Dating : Non American Black male in American city – I have my life (very) together but women won’t even look at me (rant mainly)


I’ve been living in a large, west coast, US city for nearly 4 years now and i’m considering moving due to my lack of dating success here. I haven’t had a single relationship since i moved here and i haven’t been with anyone for 18 months now. By all accounts, i have my life together. I am turning 27; i make over 160k; well educated; nice apartment; well travelled; fluent in multiple languages; pretty tall; in good shape and; decent looking.

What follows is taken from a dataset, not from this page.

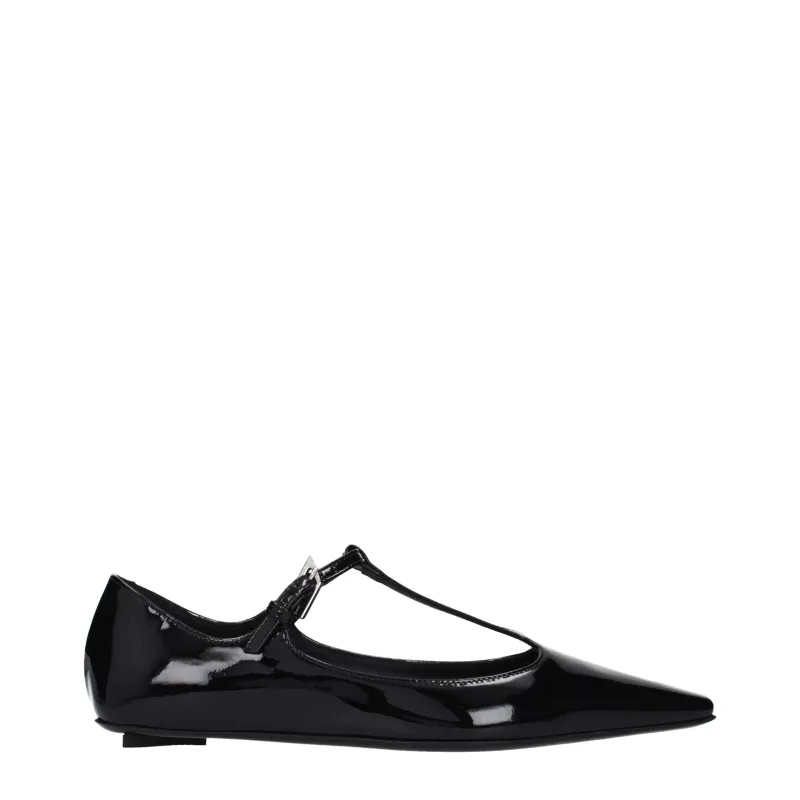 The Attico Black Leather Ballet Flats sold by Siebentaschen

What i believe is holding me back is the fact that I am black in a largely non-black city. This mainly limits my dating pool to black women (unfortunately very few where i live). Any other attention i get is from women who either 1) don’t have much going on in their life/don’t properly look after themselves health and cleanliness wise or 2) women who want to date me simply because i am black – and this lot is quickly disappointed because i am not the stereotypical black american male (whatever that is), mainly because i am english.

My dating attempts and (few) successes have all come from online dating. I dislike in-person approaches because of unpleasant experiences and bad energy i get from people here. It is not an issue of confidence (i think) – i am a litigator and I’ve had to get over nerves early on in my 20s. But, on the streets people don’t even look at me in the eye when i am trying to smile at them (a common courtesy in most places i imagine). I’ve seen some women physically avoid walking by me. This weekend, a young woman literally jumped scared when she saw me walking beside her in broad daylight and on a very busy street. She came up to me to apologize afterwards but i was so upset by it all that i started thinking about relocating then and there. Again, this is a very large and supposedly the most progressive US city. The several times i’ve tried chatting up women in person have all failed and sometimes spectacularly. I don’t mind being rejected, if they aren’t interested then i don’t really need to know why and i won’t pester. But they were often dismissive and very disrespectful. Comments about my blackness came up on three memorable occasions. On top of all that, I frequently hear people saying things about me/giving me strange looks in the street or the cafe i like to work in, and even in my own office and apartment buildings. Like I am somehow not supposed to be anywhere i am supposed to be. All that to say, i am increasingly uncomfortable in these ends and that is why i don’t approach women in person.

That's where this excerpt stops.